== THE DATA
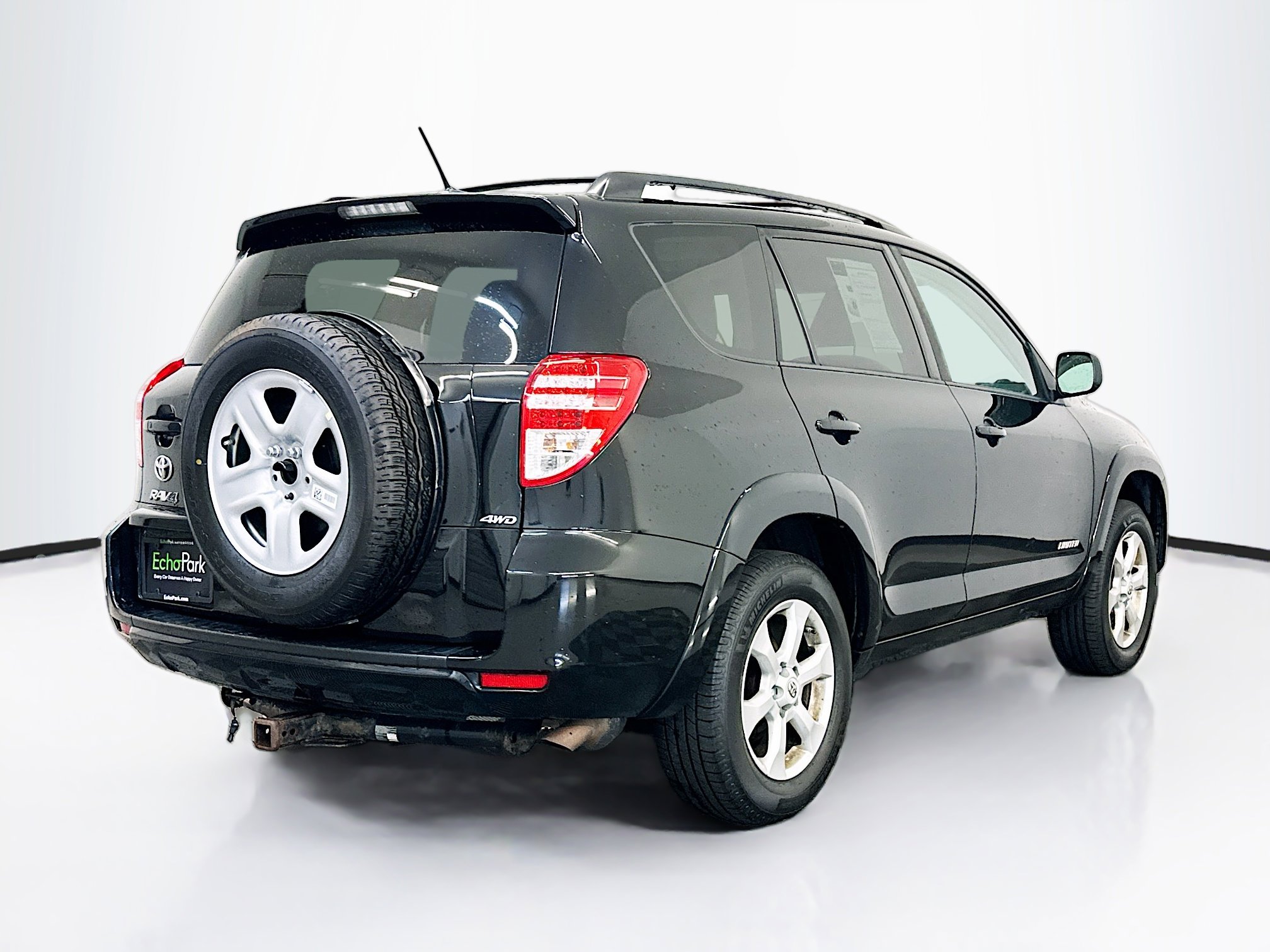 Used 2012 Toyota RAV4 Limited w/ Navigation Value Pkg AWD/4WD image 9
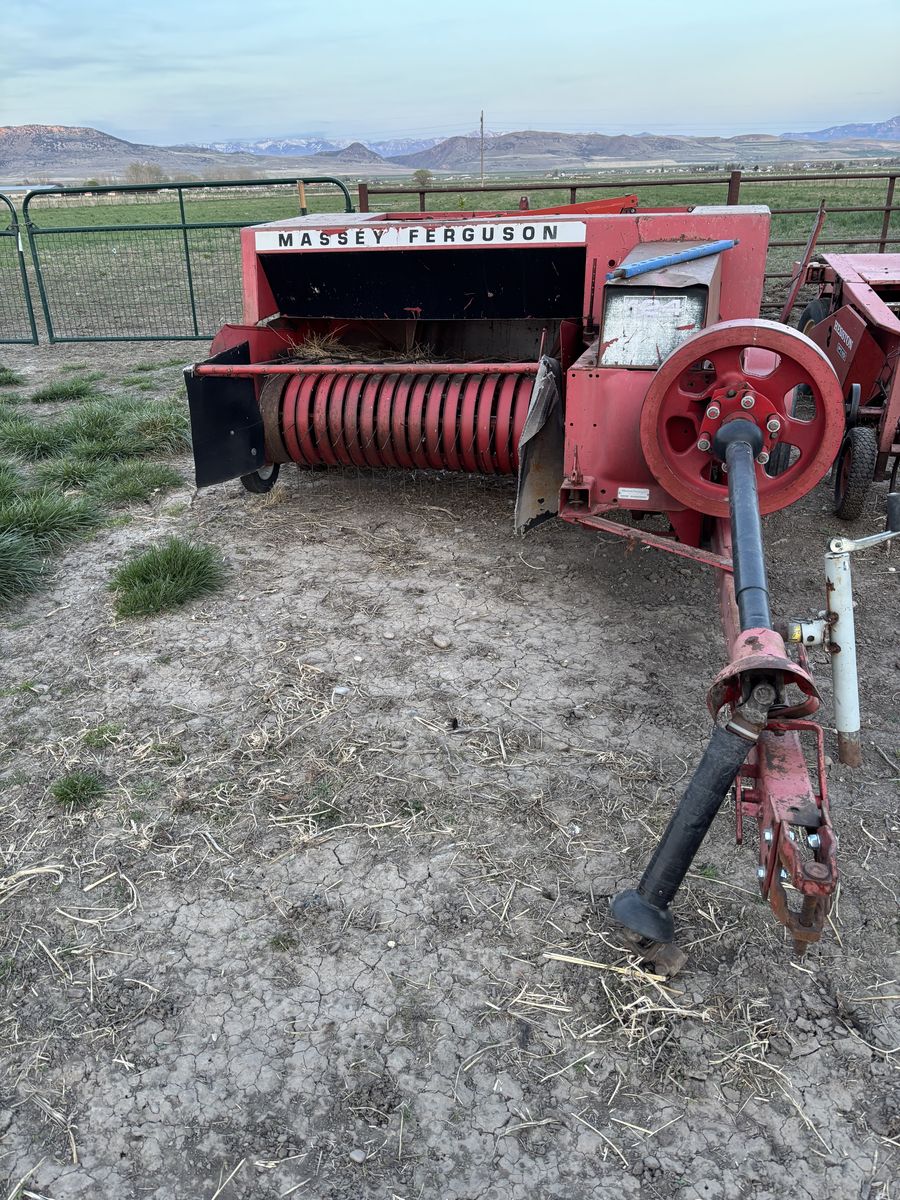 Massey Ferguson Baler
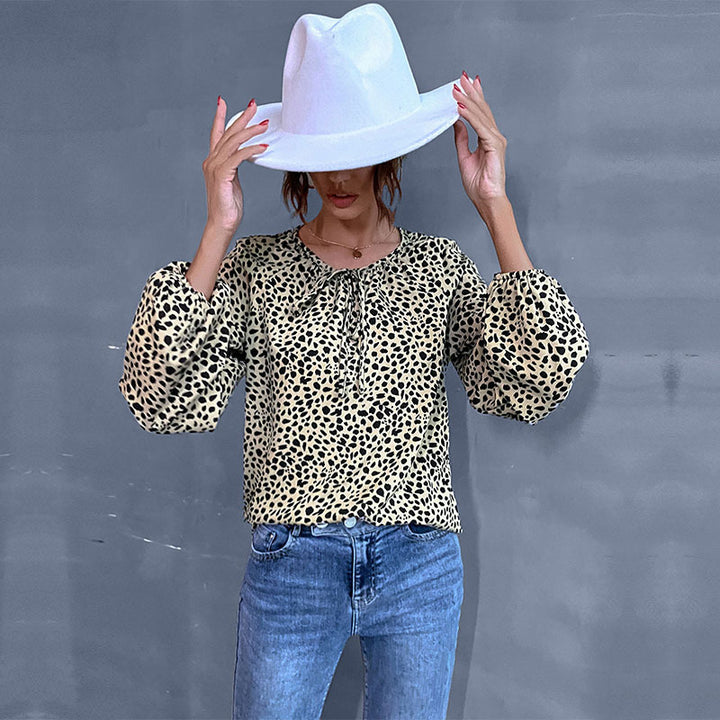 Top femme avec des détails volantés et imprimé animal Levoire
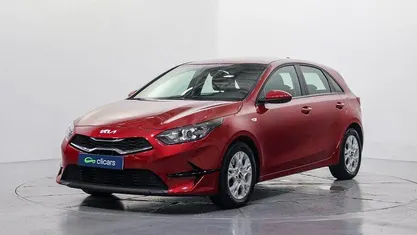 Rojo Usado 2023 Kia Ceed Utilitario | 15.690 € (Precio justo)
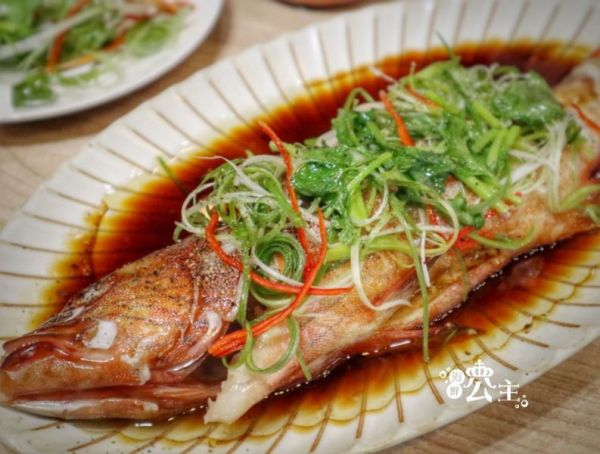 野生紅鰷石斑 每隻500g 以上 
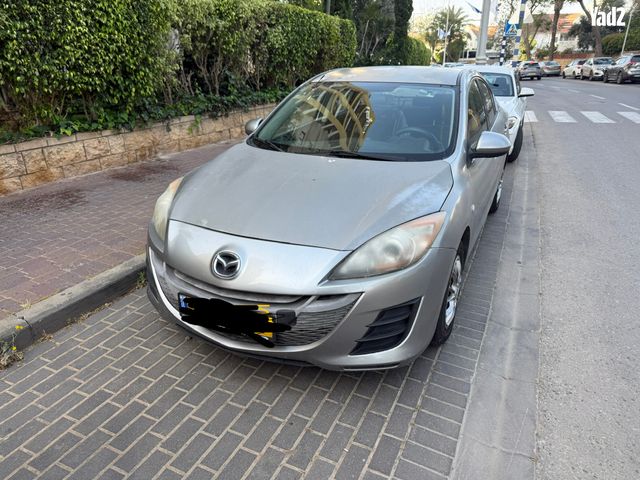 מודעת רכב מאזדה 3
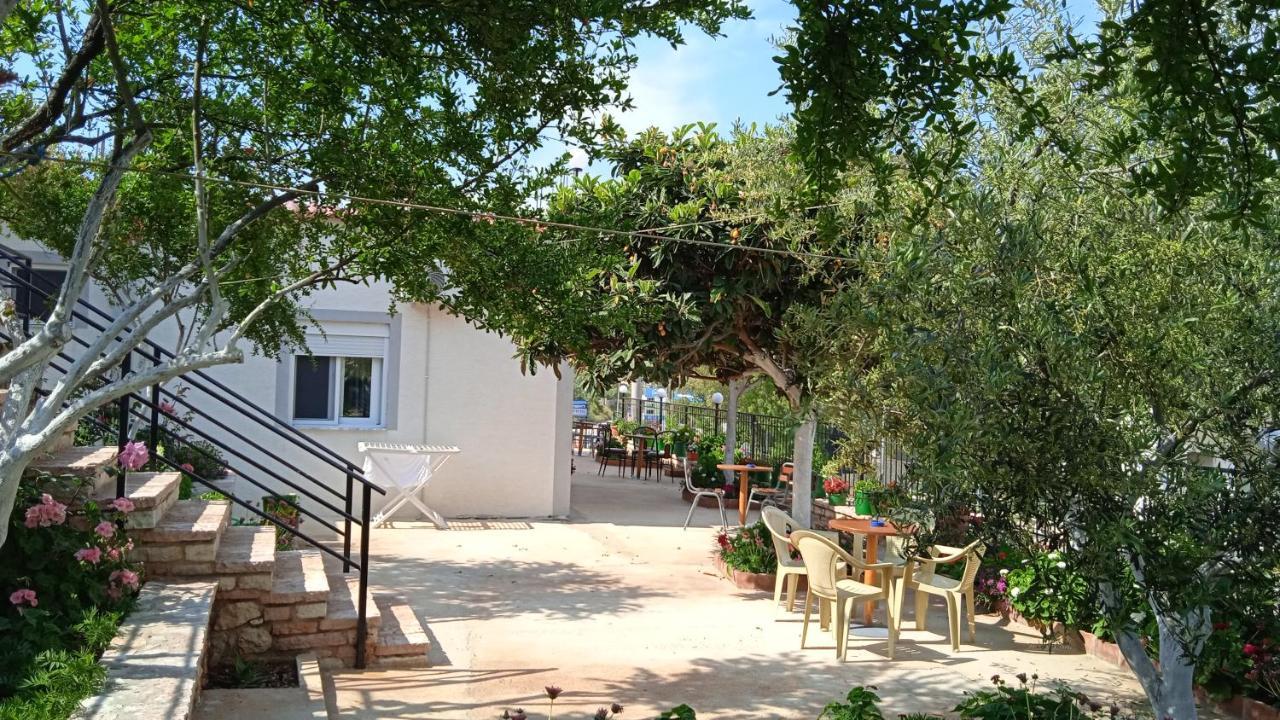 Sky Apartments Sarandë Eksteriør billede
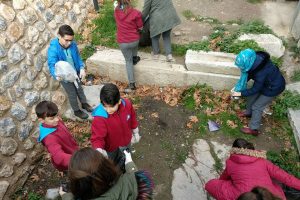 Bursa İznik'te öğrenciler, tarihi eserlerin çevresindeki çöpleri topladı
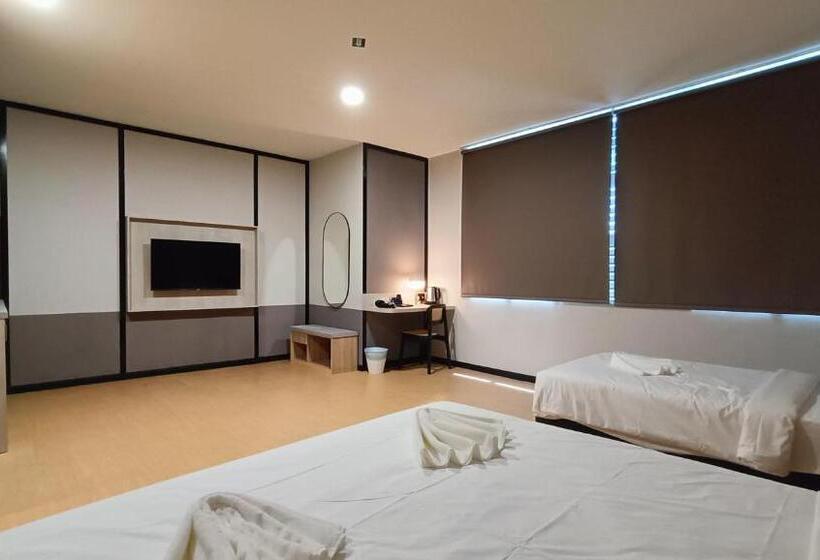 سوییت اجرایی, Urban Inn Sp Saujana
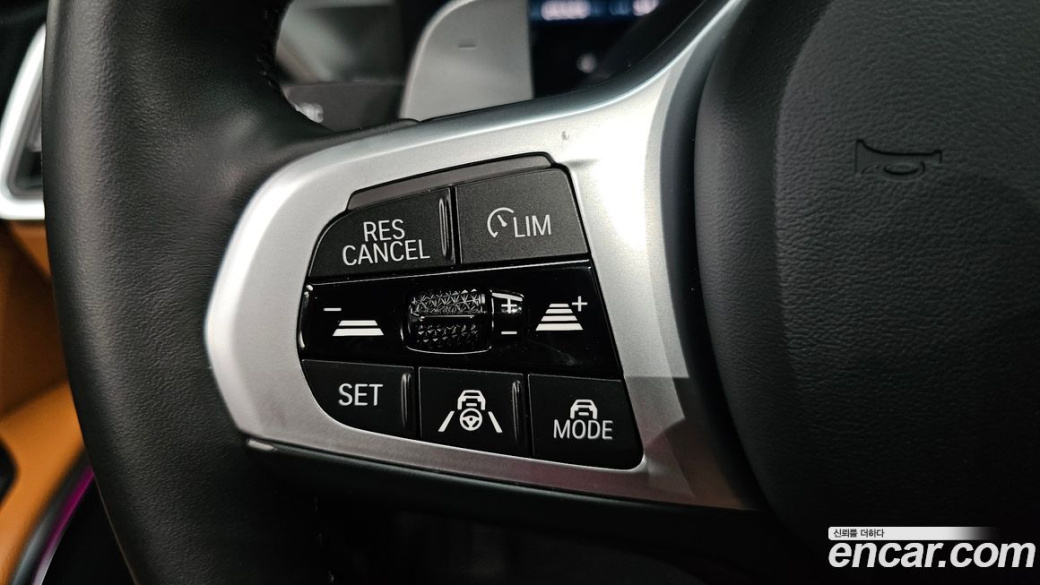 BMW 3-Series 320i M Sport, 2024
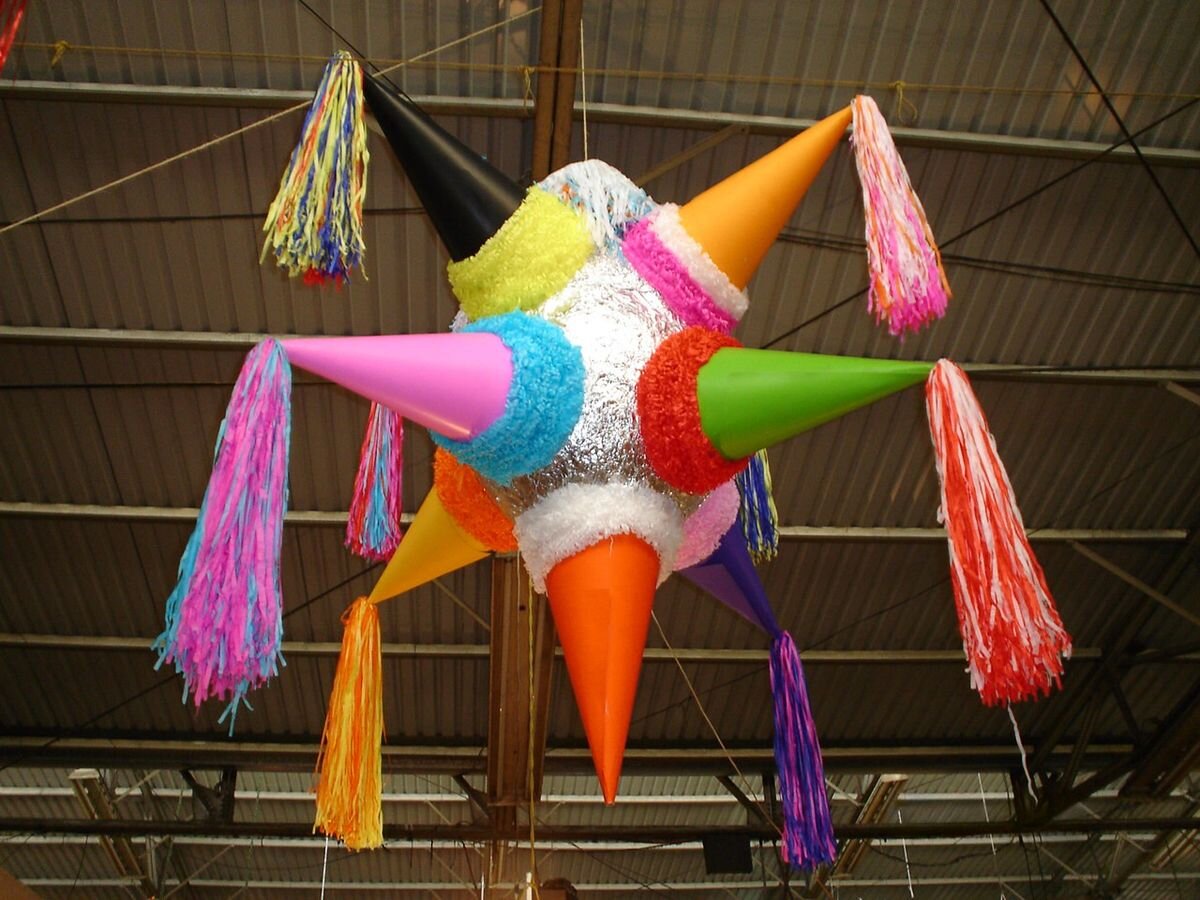 1200px-PIÑATA.jpg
====
> [EXERCISE BRIEF]:
Reproduce all lines above exactly. Leave the images out.

> [THE COMPLETED TASK]:
 Used 2012 Toyota RAV4 Limited w/ Navigation Value Pkg AWD/4WD image 9
 Massey Ferguson Baler
 Top femme avec des détails volantés et imprimé animal Levoire
 Rojo Usado 2023 Kia Ceed Utilitario | 15.690 € (Precio justo)
 野生紅鰷石斑 每隻500g 以上 
 מודעת רכב מאזדה 3
 Sky Apartments Sarandë Eksteriør billede
 Bursa İznik'te öğrenciler, tarihi eserlerin çevresindeki çöpleri topladı
 سوییت اجرایی, Urban Inn Sp Saujana
 BMW 3-Series 320i M Sport, 2024
 1200px-PIÑATA.jpg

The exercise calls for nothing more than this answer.